» **Entries supplied**
┄┄┄┄┄┄
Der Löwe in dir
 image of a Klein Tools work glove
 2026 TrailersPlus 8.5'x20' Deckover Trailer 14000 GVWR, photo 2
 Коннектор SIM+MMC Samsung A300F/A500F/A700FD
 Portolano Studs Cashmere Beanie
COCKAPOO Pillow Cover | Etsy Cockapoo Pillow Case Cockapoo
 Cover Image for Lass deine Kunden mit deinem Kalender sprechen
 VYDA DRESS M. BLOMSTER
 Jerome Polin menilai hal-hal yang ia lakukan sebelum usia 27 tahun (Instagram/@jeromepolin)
┄┄┄┄┄┄
» **What is required**
Return, without any change, the lines from the one holding "COCKAPOO Pillow Cover" through the end of the listing, and only those.

» **The completed task**
COCKAPOO Pillow Cover | Etsy Cockapoo Pillow Case Cockapoo
 Cover Image for Lass deine Kunden mit deinem Kalender sprechen
 VYDA DRESS M. BLOMSTER
 Jerome Polin menilai hal-hal yang ia lakukan sebelum usia 27 tahun (Instagram/@jeromepolin)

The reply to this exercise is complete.